Artwork and pictures (c) 1999 Miramax Films/Dimension Films. All rights reserved.

Note: **1/2
IN TOO DEEP
ORIGINAL MOTION PICTURE SOUNDTRACK
Music composed by Christopher Young
Pour son troisième long-métrage, 'In Too Deep' (Gangsta Cop), le réalisateur australien Michael Rymer s'intéresse à l'univers de l'infiltration policière, un sujet déjà abordé dans des polars tels que 'Donnie Brasco' (1997) ou 'Deep Cover' (1992). S'inspirant d'une histoire vraie, Rymer évoque le parcours agité de Jeffrey Cole (Omar Epps), un jeune flic noir en mission d'infiltration dans un important cartel de la drogue à Cincinnati dominé par Dwayne Gittens (LL Cool J), un grand baron de la drogue que tous les caïds de la ville surnomment 'Dieu', responsable de 80% des crimes à Cincinnati. Pour Jeffrey devenu Jeff Reid, la mission est simple: il s'agit d'infiltrer la bande à Dieu et d'obtenir sa confiance afin de permettre à la police d'obtenir suffisamment de preuve pour le mettre définitivement hors d'état de nuire et porter ainsi un coup fatal à l'un des plus gros réseaux de drogue de tout le pays. Mais pour le jeune Jeffrey, devenu accroc à sa mission, l'infiltration est plus qu'un simple objectif, c'est un véritable credo, une guerre contre le crime qu'il s'est juré de mener, lui qui a grandit dans les ghettos noirs américains et qui a connu des jeunes tués par la drogue et le crime organisé. Mais sa mission l'amène encore plus loin qu'il n'aurait du aller, jusqu'au point critique de non-retour où il finit par ne plus pouvoir faire la différence entre la réalité et le personnage qu'il s'est inventé. Non seulement Jeffrey met sa vie en jeu, mais sa personnalité souffre d'un dédoublement particulièrement éprouvant, au point de risquer de devenir comme ceux qu'il infiltre depuis de nombreux mois déjà. Même son supérieur, Preston D'Ambrosio (Stanley Tucci), n'arrive pas à le retirer de cette mission, sachant pertinemment qu'il est le seul à être allé aussi loin et qu'il est aussi le seul à pouvoir mener à bien cette guerre contre le crime.

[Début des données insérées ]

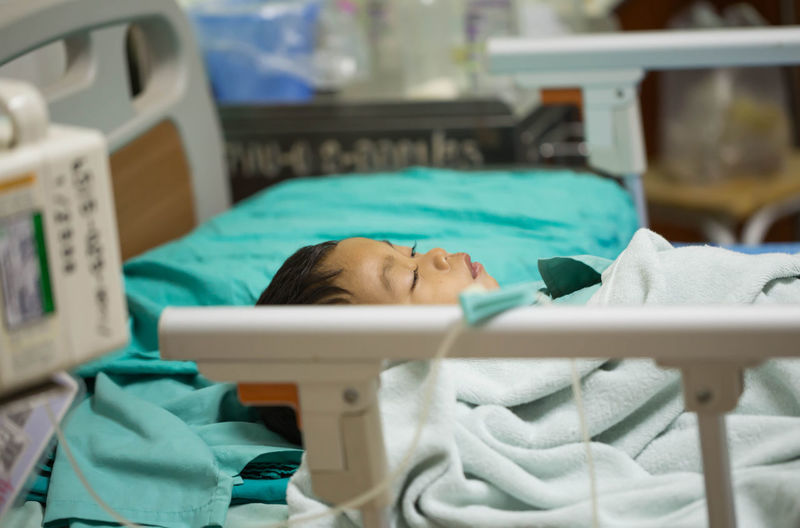 High angle view of cute boy lying on bed in hospital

'In Too Deep' nous plonge ainsi dans l'univers des ghettos américains et de la culture black, à grand renfort de tubes hip-hop, d'idiomes des banlieues et de règles entre bande, sur fond de drogue et d'infiltration policière. Comme l'ont fait d'autres réalisateurs avant lui, Michael Rymer évoque le destin éprouvant de ces flics qui, obligés de vivre en permanence pendant des années dans un milieu auquel on peut les arracher à n'importe quel moment, finissent par perdre dangereusement le sens de la réalité, à tel point qu'il faut bien souvent pour eux consulter un psychiatre par la suite. Comme l'expliquait lui-même le scénariste Paul Aaron dans une interview, "cela se rapproche aussi du syndrome psychologique des soldats qui reviennent du front (...). La capacité de concentration se développe, le corps donne tout ce qu'il a en réserve. Et puis, soudain, la guerre cesse et le soldat est censé retourner à une vie normale. Certains y parviennent, d'autres pas.". A cela s'ajoute bien souvent le sentiment de culpabilité d'avoir trahi ceux pour lesquels le flic était pratiquement devenu proche au cours de son infiltration, un sentiment qui met bien souvent du temps à disparaître par la suite. Omar Epps campe donc ici un Jeff Cole très convaincant, face à la star du rap U.S. LL Cool J, magistral dans le rôle d'un imprenable seigneur du crime omnipotent et mégalomane. Si le rythme du film s'avère être particulièrement lent au début, c'est pour mieux renforcer l'amplitude et le danger d'une mission 'sous-marin' aussi dangereuse. Salué au Festival de Cognac 2000 par le Prix spécial du jury et le Prix spécial police, 'In Too Deep' est un excellent polar dramatique réalisé de manière sobre, sans artifice visuel, sans effet de mode, avec ce qu'il faut de tension psychologique.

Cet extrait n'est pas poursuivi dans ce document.